--- GIVEN MATERIAL ---
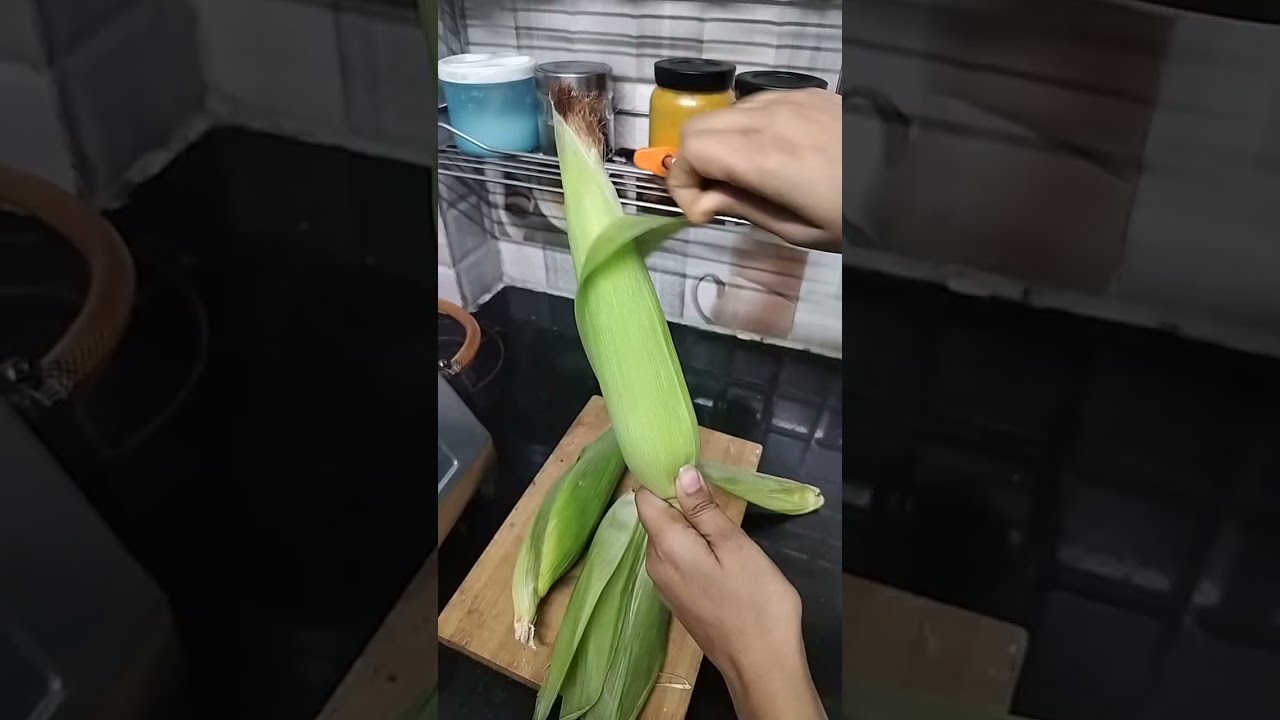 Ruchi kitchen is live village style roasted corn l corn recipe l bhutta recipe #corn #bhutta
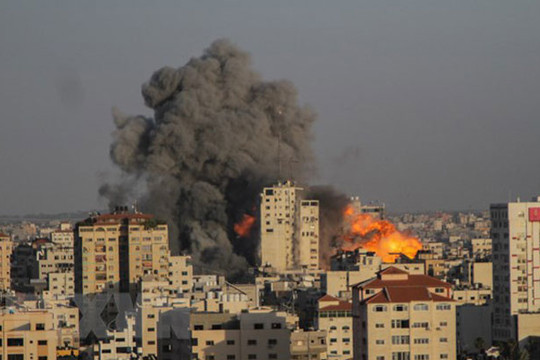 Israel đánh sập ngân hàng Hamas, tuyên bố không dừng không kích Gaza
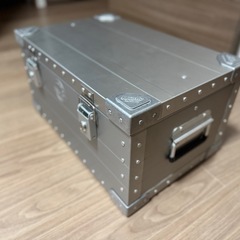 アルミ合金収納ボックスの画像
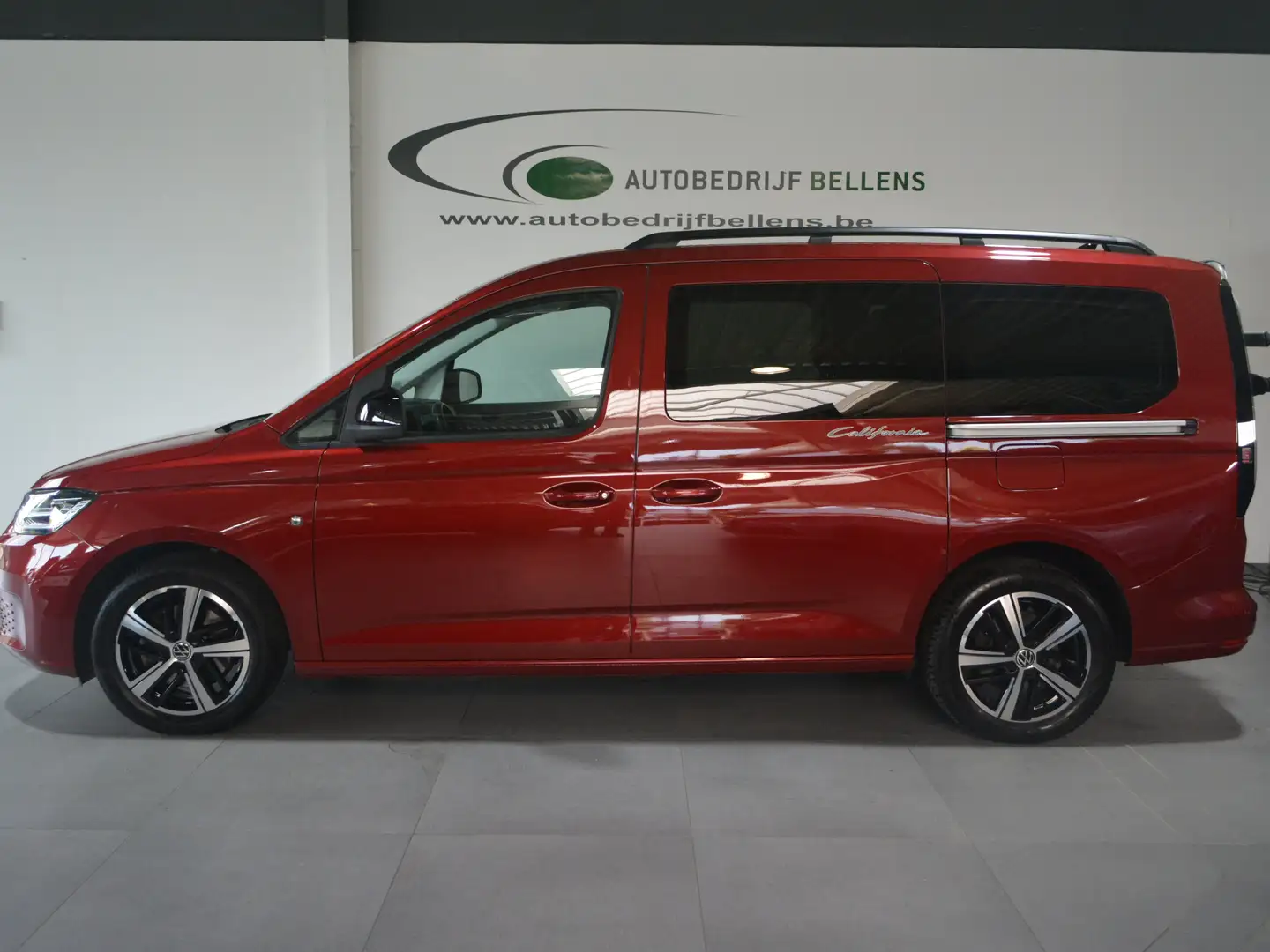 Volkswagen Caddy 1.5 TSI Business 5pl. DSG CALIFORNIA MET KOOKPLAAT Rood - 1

--- WHAT IS REQUIRED ---
Once the pictures are set aside, output the whole listing exactly.

--- REPLY TO THE EXERCISE ---
 Ruchi kitchen is live village style roasted corn l corn recipe l bhutta recipe #corn #bhutta
 Israel đánh sập ngân hàng Hamas, tuyên bố không dừng không kích Gaza
 アルミ合金収納ボックスの画像
 Volkswagen Caddy 1.5 TSI Business 5pl. DSG CALIFORNIA MET KOOKPLAAT Rood - 1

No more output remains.